Gugatan Praperadilan dan Harapan Keadilan
Dijelaskan Zahid, melalui gugatan praperadilan yang didaftarkan pada 1 November 2024 di Pengadilan Negeri Pontianak, Natalria mendesak agar SP3 dibatalkan dengan meminta penyidikan dilanjutkan dan mengembalikan status tersangka kepada Muda Mahendrawan dan Urai Wisata.
Selain itu, Zahid Johar mengapresiasi dukungan Komisi Kepolisian Nasional (KOMPOLNAS) dalam membuka akses informasi terkait SP3.

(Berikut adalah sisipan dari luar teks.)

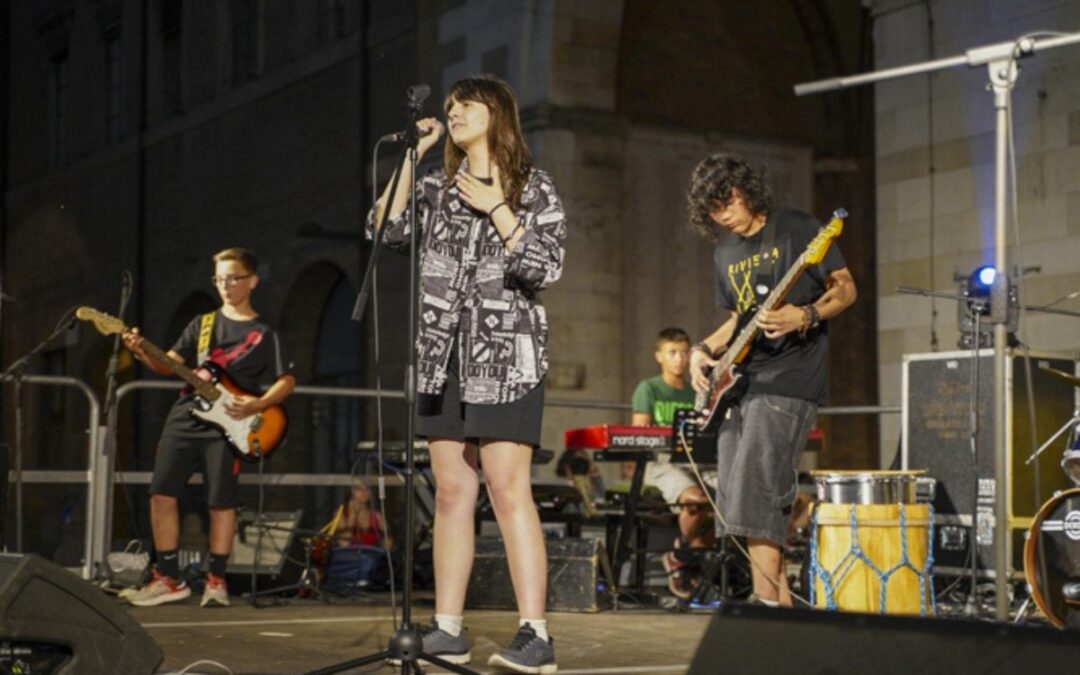 Concerto di giovani musicisti sul palco durante un evento serale in piazza.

“Kami berharap sidang praperadilan ini berjalan sesuai prinsip keadilan dan kepastian hukum,” tuturnya.
Preseden Penting dalam Penegakan Hukum
Apabila gugatan ini dikabulkan, kasus Natalria berpotensi menjadi titik balik dalam penerapan Restorative Justice di Indonesia. Proses hukum yang transparan dan sesuai prosedur diharapkan dapat menjadi pedoman bagi penanganan kasus serupa di masa depan.

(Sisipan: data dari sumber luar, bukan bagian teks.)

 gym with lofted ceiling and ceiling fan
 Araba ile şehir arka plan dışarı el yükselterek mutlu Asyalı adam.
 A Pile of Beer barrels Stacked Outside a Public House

Zahid juga menegaskan komitmennya untuk menjunjung tinggi nilai anti-KKN. “Sebagai penegak hukum, saya menolak segala bentuk korupsi, kolusi, dan nepotisme. Keadilan harus ditegakkan secara prosedural,” tegasnya.

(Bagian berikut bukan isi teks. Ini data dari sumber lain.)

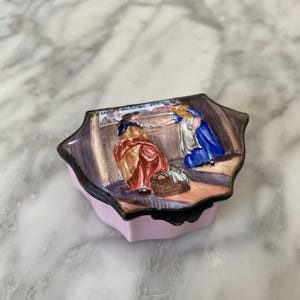 May include: A small, scalloped-edge trinket box with a light pink base and a hinged lid. The lid features a hand-painted enamel scene of two figures in period clothing, one in a red dress and one in a blue dress, with the text New Mackerel New.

Ujian Integritas Aparat Penegak Hukum (APH)
Kasus ini menjadi ujian bagi Polda Kalbar dan sistem hukum Indonesia. Sidang praperadilan dengan nomor perkara 14/Pid.Pra/2024/PN Ptk diharapkan dapat menjadi momentum untuk memperbaiki kepercayaan publik terhadap integritas penegakan hukum di tanah air.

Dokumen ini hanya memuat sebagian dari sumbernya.